Reproduce all the entries exactly and keep the pictures out.
START Data shown
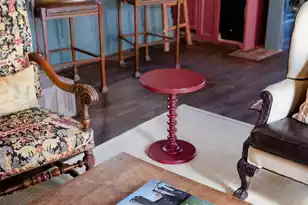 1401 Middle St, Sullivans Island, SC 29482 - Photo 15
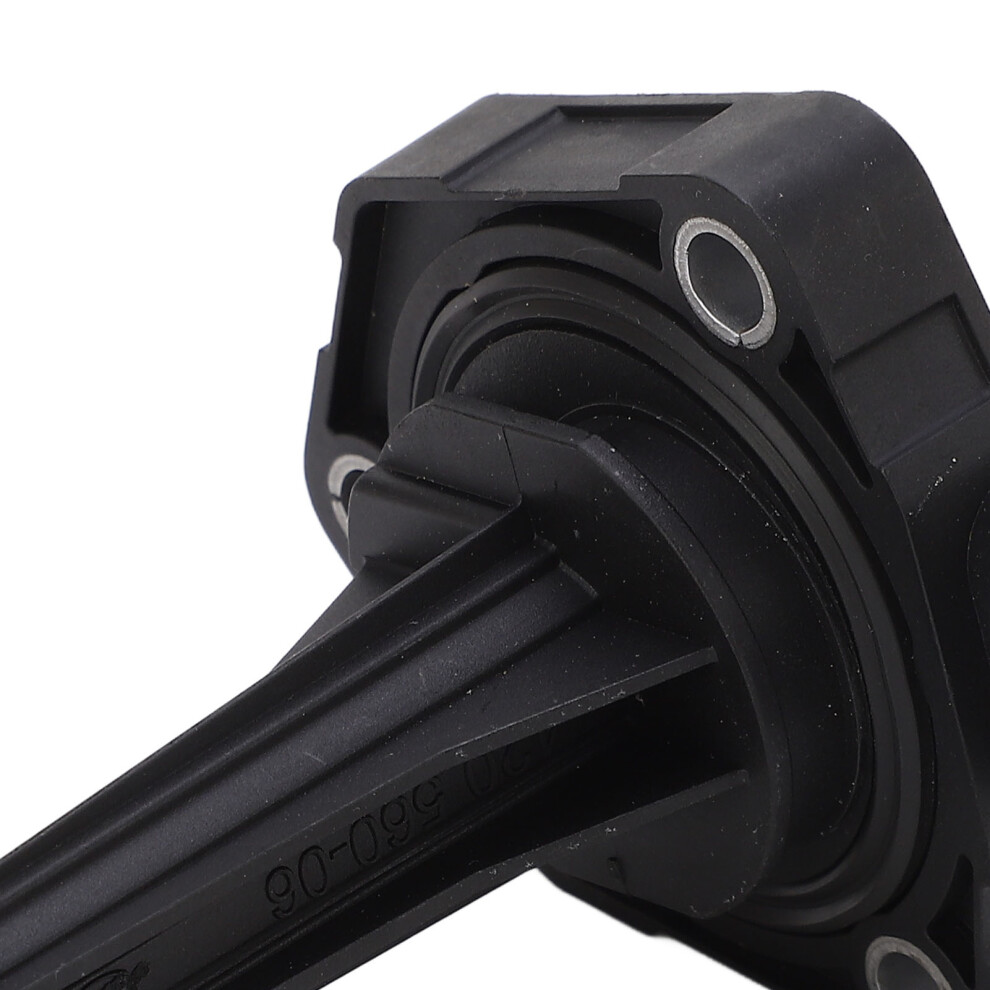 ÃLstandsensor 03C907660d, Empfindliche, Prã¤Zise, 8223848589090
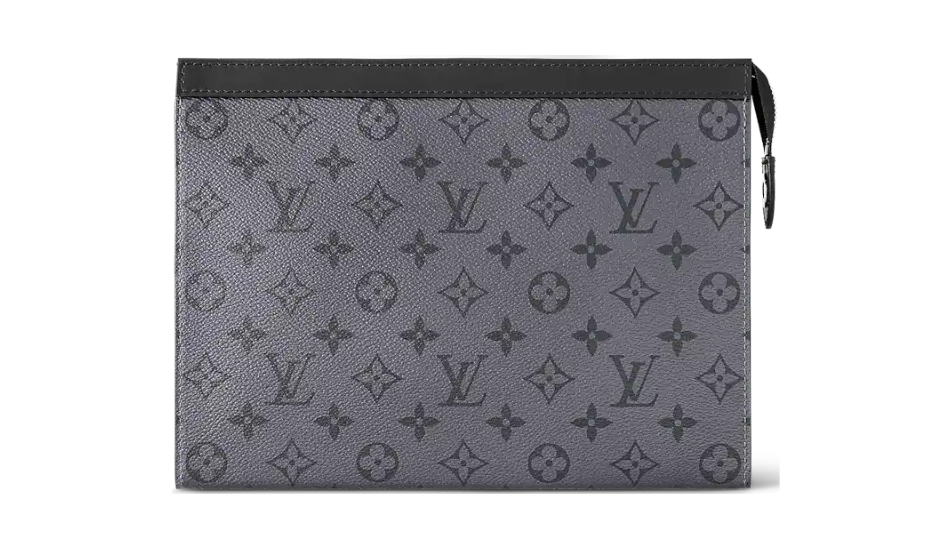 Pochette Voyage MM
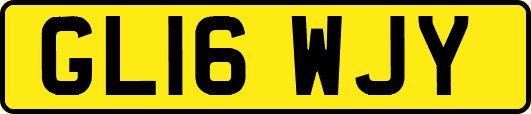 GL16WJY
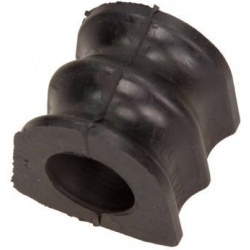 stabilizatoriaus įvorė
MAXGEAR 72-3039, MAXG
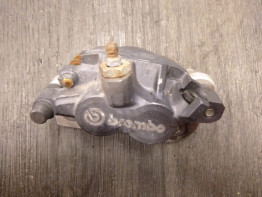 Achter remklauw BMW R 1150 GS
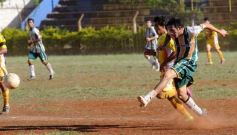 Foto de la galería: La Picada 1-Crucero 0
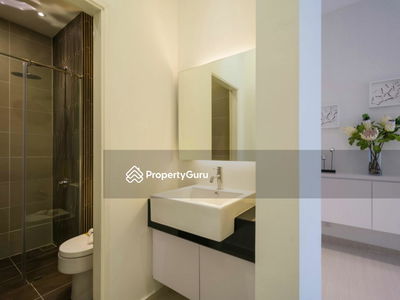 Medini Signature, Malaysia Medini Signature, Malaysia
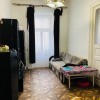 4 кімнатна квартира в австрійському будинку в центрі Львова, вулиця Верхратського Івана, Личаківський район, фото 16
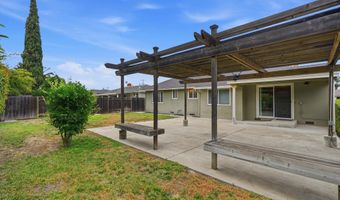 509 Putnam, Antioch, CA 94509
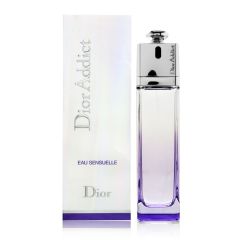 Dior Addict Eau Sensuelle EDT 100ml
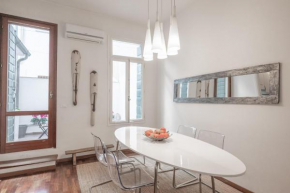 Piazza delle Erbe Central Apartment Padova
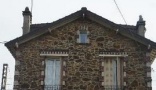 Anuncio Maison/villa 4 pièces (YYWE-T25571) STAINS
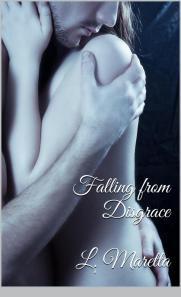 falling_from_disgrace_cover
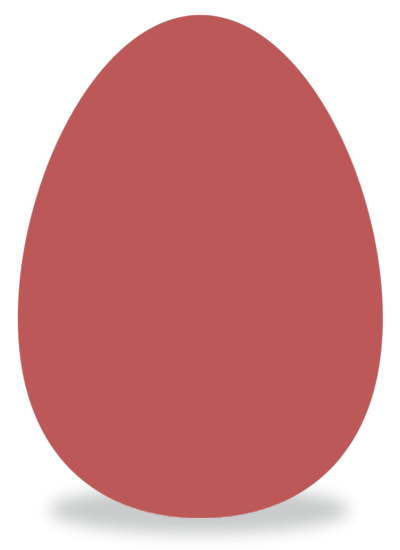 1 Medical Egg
END Data shown
- _Your response_:
 1401 Middle St, Sullivans Island, SC 29482 - Photo 15
 ÃLstandsensor 03C907660d, Empfindliche, Prã¤Zise, 8223848589090
 Pochette Voyage MM
 GL16WJY
 stabilizatoriaus įvorė
MAXGEAR 72-3039, MAXG
 Achter remklauw BMW R 1150 GS
 Foto de la galería: La Picada 1-Crucero 0
 Medini Signature, Malaysia Medini Signature, Malaysia
 4 кімнатна квартира в австрійському будинку в центрі Львова, вулиця Верхратського Івана, Личаківський район, фото 16
 509 Putnam, Antioch, CA 94509
 Dior Addict Eau Sensuelle EDT 100ml
 Piazza delle Erbe Central Apartment Padova
 Anuncio Maison/villa 4 pièces (YYWE-T25571) STAINS
 falling_from_disgrace_cover
 1 Medical Egg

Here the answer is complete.